The women were silent, and sat listening.
“There they are, hauling him along, the devils!” Khoroshavka said. “They’ll do him to death, they will. The jailers are so enraged with him because he never would give in to them.”
All was quiet again upstairs, and the watchman’s wife finished her story of how she was that frightened when she went into the barn and saw them flogging a peasant, her inside turned at the sight, and so on. Khoroshevka related how Schegloff had been flogged, and never uttered a sound. Then Theodosia put away the tea things, and Korableva and the watchman’s wife took up their sewing. Maslova sat down on the bedstead, with her arms round her knees, dull and depressed. She was about to lie down and try to sleep, when the woman warder called her into the office to see a visitor.

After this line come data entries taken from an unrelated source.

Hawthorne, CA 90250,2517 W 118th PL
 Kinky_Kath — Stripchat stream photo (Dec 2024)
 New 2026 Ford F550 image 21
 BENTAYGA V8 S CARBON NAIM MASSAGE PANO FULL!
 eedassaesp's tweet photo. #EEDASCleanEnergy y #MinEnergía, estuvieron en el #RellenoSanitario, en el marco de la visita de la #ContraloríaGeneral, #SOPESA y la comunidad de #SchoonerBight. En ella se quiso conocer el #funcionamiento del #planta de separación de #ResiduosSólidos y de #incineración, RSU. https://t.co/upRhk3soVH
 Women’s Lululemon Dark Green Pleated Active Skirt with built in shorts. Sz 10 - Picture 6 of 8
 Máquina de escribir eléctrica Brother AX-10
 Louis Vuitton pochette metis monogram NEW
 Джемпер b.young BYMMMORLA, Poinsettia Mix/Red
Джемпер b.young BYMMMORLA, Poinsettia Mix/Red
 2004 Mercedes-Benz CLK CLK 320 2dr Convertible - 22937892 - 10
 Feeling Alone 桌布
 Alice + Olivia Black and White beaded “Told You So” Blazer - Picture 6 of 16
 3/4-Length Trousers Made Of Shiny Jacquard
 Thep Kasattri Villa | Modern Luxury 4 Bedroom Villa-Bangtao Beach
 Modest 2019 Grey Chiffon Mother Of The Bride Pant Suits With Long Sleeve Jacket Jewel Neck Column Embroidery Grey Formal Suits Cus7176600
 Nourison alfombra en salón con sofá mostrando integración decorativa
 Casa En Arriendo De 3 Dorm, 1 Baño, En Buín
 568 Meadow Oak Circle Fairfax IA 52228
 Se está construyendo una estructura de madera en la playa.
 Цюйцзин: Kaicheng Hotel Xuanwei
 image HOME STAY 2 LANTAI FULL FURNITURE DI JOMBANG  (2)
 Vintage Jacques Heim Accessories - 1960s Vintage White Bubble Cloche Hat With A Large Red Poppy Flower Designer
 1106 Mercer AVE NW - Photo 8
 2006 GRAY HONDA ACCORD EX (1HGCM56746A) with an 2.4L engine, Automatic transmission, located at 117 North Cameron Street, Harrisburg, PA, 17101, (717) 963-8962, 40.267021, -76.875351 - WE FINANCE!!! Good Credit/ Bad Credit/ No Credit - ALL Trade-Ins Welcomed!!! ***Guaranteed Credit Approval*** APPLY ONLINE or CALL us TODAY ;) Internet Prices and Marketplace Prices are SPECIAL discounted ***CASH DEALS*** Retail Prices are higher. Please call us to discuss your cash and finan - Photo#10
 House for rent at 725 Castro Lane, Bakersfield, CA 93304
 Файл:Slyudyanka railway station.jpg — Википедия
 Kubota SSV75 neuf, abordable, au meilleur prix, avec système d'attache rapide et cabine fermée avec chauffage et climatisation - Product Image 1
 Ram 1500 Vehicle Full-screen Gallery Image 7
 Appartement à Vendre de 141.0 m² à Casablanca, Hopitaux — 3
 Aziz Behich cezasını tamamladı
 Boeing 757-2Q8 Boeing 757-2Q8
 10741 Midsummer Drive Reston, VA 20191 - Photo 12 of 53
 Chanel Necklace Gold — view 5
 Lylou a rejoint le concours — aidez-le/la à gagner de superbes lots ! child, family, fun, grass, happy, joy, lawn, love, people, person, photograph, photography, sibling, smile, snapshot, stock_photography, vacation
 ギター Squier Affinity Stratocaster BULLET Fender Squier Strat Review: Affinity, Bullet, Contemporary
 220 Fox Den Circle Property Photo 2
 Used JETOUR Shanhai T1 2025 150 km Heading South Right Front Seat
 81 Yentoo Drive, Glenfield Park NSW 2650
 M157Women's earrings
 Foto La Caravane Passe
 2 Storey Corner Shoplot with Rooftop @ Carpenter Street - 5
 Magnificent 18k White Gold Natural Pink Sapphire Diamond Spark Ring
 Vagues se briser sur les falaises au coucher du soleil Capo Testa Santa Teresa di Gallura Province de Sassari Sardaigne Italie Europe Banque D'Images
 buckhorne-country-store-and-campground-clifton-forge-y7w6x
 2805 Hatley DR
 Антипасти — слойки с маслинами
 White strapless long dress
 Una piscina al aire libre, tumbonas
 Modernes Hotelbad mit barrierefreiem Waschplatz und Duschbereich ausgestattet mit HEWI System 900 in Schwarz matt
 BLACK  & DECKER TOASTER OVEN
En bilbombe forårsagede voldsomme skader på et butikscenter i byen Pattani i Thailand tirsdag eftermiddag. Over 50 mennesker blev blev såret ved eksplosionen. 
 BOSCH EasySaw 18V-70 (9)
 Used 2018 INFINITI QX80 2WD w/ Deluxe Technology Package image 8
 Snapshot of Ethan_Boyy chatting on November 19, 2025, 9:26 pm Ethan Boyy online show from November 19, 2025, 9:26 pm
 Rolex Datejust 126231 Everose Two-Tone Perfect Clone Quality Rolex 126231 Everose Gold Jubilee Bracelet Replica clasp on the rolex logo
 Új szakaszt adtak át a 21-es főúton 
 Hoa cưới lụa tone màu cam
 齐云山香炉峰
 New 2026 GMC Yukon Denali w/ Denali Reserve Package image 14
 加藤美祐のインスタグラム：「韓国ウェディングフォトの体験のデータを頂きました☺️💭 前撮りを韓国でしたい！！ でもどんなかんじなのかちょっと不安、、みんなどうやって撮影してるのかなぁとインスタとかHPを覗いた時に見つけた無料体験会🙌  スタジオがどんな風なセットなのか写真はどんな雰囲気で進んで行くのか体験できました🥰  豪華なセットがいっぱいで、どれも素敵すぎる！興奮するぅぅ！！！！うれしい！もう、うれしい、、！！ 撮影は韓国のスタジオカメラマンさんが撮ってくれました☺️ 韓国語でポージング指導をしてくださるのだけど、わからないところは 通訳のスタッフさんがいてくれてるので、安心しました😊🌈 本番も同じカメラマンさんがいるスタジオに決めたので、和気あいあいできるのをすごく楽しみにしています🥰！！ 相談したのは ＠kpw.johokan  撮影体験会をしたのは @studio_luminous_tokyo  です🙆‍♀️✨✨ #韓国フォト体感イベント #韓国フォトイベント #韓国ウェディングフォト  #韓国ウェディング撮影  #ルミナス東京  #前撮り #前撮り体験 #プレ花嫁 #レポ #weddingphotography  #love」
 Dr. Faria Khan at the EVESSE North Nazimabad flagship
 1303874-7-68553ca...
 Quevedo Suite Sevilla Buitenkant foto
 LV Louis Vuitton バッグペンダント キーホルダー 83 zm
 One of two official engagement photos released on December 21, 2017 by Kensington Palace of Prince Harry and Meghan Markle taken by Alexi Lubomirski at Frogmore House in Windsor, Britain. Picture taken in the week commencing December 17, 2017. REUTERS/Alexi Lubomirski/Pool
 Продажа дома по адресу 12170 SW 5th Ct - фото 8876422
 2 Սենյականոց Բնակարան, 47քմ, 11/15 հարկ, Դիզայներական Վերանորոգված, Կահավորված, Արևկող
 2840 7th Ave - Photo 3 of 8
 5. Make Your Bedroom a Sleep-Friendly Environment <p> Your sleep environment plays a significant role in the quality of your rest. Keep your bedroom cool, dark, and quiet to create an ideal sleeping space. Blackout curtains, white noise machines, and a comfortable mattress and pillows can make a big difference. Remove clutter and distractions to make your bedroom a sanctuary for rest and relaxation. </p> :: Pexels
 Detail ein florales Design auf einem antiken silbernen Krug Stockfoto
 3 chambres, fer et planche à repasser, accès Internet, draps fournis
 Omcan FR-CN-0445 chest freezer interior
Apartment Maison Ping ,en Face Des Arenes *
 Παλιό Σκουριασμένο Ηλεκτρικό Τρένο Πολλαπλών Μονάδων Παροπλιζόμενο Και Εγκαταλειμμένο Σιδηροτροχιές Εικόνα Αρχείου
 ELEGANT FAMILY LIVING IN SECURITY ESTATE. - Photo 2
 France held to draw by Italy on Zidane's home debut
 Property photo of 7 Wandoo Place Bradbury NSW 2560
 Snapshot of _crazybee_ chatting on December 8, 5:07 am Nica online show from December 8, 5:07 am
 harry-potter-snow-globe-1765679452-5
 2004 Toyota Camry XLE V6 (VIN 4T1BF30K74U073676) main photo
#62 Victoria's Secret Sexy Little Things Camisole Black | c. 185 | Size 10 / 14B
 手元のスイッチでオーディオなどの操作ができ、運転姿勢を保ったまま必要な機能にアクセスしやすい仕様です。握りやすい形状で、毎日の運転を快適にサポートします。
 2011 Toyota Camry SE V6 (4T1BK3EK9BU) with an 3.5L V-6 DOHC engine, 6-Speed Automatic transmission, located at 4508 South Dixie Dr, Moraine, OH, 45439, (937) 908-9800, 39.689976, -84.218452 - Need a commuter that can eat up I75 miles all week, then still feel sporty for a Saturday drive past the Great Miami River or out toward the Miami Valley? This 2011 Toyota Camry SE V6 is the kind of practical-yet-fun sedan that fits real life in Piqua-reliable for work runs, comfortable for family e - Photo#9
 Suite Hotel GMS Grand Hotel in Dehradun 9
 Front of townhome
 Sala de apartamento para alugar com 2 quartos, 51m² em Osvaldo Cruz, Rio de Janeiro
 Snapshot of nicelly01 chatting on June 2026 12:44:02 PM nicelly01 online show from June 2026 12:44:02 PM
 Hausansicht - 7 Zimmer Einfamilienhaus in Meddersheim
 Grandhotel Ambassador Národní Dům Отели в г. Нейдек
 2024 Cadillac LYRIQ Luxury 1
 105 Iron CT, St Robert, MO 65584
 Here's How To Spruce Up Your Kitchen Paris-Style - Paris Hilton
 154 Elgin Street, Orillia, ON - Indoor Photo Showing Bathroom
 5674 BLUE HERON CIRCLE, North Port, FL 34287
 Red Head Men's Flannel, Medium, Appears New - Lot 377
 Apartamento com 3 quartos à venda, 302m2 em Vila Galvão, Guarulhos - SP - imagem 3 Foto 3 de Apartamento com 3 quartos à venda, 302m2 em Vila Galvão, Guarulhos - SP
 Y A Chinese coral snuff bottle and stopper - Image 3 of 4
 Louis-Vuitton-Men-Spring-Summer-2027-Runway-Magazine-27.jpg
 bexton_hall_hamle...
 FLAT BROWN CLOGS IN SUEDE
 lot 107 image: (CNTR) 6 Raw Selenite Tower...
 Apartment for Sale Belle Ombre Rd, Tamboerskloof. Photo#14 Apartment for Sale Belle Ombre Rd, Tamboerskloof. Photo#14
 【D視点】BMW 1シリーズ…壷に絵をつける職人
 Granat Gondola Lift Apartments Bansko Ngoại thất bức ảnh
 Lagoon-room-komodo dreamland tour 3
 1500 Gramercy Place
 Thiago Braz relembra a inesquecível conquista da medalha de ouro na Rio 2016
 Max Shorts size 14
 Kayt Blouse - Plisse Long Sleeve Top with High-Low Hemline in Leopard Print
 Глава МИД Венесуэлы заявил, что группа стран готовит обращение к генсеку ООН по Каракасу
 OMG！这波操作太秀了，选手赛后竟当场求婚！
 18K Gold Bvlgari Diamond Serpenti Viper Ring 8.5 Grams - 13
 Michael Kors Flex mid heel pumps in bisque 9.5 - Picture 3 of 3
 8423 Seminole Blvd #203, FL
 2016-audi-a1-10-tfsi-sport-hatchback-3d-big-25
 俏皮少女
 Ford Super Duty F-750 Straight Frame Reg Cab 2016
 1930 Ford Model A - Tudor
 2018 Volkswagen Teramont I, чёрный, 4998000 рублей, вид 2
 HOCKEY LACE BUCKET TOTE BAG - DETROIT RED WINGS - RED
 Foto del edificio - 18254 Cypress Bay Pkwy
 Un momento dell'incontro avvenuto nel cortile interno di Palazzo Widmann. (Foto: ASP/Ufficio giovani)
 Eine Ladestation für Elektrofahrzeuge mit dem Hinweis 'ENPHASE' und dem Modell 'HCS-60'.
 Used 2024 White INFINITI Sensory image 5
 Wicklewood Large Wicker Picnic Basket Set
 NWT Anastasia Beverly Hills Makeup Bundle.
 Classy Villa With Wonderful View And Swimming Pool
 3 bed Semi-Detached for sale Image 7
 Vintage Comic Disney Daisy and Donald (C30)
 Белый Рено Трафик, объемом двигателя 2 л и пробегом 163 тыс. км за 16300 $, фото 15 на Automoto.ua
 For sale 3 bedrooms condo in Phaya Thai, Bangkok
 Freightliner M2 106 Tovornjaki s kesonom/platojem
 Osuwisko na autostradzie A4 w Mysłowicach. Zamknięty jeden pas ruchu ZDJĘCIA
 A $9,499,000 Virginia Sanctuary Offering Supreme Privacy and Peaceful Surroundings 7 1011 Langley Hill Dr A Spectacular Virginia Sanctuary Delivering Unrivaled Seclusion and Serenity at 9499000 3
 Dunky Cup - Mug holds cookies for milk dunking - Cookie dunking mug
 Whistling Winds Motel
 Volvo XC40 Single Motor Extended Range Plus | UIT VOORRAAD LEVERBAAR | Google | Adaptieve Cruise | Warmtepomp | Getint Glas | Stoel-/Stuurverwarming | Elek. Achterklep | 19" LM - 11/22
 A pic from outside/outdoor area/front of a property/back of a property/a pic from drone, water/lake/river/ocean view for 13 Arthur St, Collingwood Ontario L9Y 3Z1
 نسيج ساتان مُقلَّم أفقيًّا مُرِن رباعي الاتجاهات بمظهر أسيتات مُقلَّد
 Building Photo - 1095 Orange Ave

“Now, mind, and don’t forget to tell him about us,” the old woman (Menshova) said, while Maslova was arranging the kerchief on her head before the dim looking-glass. “We did not set fire to the house, but he himself, the fiend, did it; his workman saw him do it, and will not damn his soul by denying it. You just tell to ask to see my Mitri. Mitri will tell him all about it, as plain as can be. Just think of our being locked up in prison when we never dreamt of any ill, while he, the fiend, is enjoying himself at the pub, with another man’s wife.”
“That’s not the law,” remarked Korableva.
“I’ll tell him — I’ll tell him,” answered Maslova. “Suppose I have another drop, just to keep up courage,” she added, with a wink; and Korableva poured out half a cup of vodka, which Maslova drank. Then, having wiped her mouth and repeating the words “just to keep up courage,” tossing her head and smiling gaily, she followed the warder along the corridor.